La tonalité radicale du Congrès augurant de la non-élection de Walesa à la présidence du Syndicat, la minorité, soutenue par l’Église, laisse entendre qu’elle créerait un syndicat chrétien-démocrate, brisant ainsi l’unité ouvrière.

25 septembre : la veille du début de la seconde partie du Congrès, Walesa et le gouvernement adoptent un texte commun sur l’autogestion, voté aussitôt à la Diète :
« Ce syndicat n’a pas été créé pour passer des compromis mais pour écraser le système totalitaire de notre pays », Jan Rulewski, Bydgoszcz.

Deuxième partie du Congrès (26 septembre – 7 octobre)
Quatre représentants d’un syndicat, non légalisé, déclarant représenter 42 000 miliciens, affirment qu’ils ne se laisseront pas utiliser comme en 1956, 1970 et 1976.
Les décisions essentielles :
→ Motion dénonçant le compromis du 25 septembre, cette « violation de la démocratie syndicale » et mettant en cause « le pouvoir occulte des experts  ».
→ Élection à la présidence : afin d’éviter la création d’un syndicat chrétien-démocrate, Walesa obtient 55 % des votes,. Mais il sera très minoritaire à la nouvelle KKP dans toutes les décisions prises jusqu’à l’état de guerre.
→ Adoption du programme pour une République autogérée (« Rzecszpospolita samorzadna ») modifiant totalement la vie économique et politique, notamment la mise en pratique généralisée de l’autogestion.
« Ce n’est pas le document d’un syndicat, mais le manifeste d’un parti politique qui réclame la direction de la société et du pays  », Agence Tass.
Plus tard Zbigniew Kowalewski analysera :
« Il y avait une lutte souterraine entre le courant radical du mouvement autogestionnaire des entreprises et les éléments conciliateurs envers la bureaucratie, entre les partisans et les adversaires de la démocratie ouvrière, de l’indépendance envers l’Église catholique, de la lutte pour le pouvoir des travailleurs ».

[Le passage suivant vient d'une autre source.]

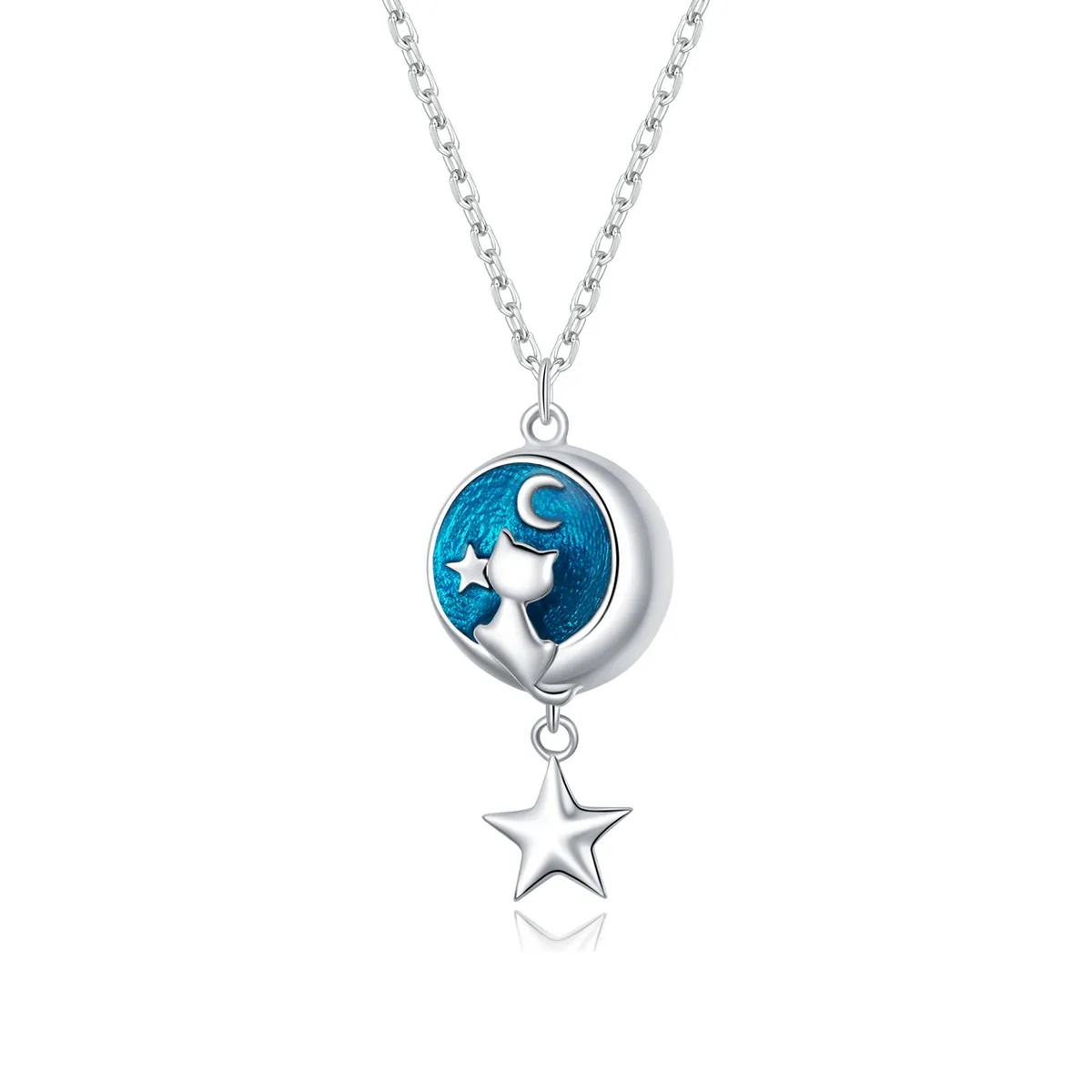 Pandora Style Silver Moon & Cat Pendant Necklace - SCN422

L’État entre en guerre (13 décembre 1981)
18 octobre : le général Wojciech Jaruzelski premier ministre, est nommé en plus secrétaire du comité central du POUP, entérinant la main-mise de l’Armée sur le Parti.
Après avoir prévenu seulement les États-Unis et l’Allemagne fédérale, Jaruzelski instaure la loi martiale dans la nuit du samedi 12 au dimanche 13 décembre :
« La démocratie ne peut être affirmée et développée que dans un pays fort et soumis à la loi. L’anarchie est son ennemi ».
Le chef de l’Eglise, Jozef Glemp, lance un appel à la soumission, retransmis par radio :
« Je demanderai, même si je dois le faire à genoux et les pieds nus, qu’un Polonais ne lutte pas contre un Polonais. Ne donnez pas vos têtes, frères ouvriers et travailleurs des grandes entreprises ».
Jaruzelski crée le Conseil militaire de salut national (WRON), qui a tout pouvoir pour arrêter, exécuter, interner, censurer.

« Solidarité combattante », créée en 1982 par Kornal Morawiecki, coordonne des groupes clandestins dans tout le pays pour continuer à lutter contre le régime totalitaire. Ses slogans : « Libres et solidaires », « Pour la liberté des peuples et des nations ». Elle diffuse des informations, éditions, enregistrements audio, organise des manifestations et des grèves, passe en fraude du matériel électronique et d’imprimerie.
Aidant activement les luttes en Europe de l’Est, elle envoie des militants en Lituanie, Lettonie, Estonie, Ukraine, Moldavie, Georgie, Kazakhstan, Arménie, Azerbaïdjan et publie des textes en langues tchèque, russe, hongroise et ukrainienne.

Mais la révolution n’a pas eu lieu : l’État, l’Église et les tenants du capitalisme d’État et du capitalisme libéral dans le monde sont soulagés.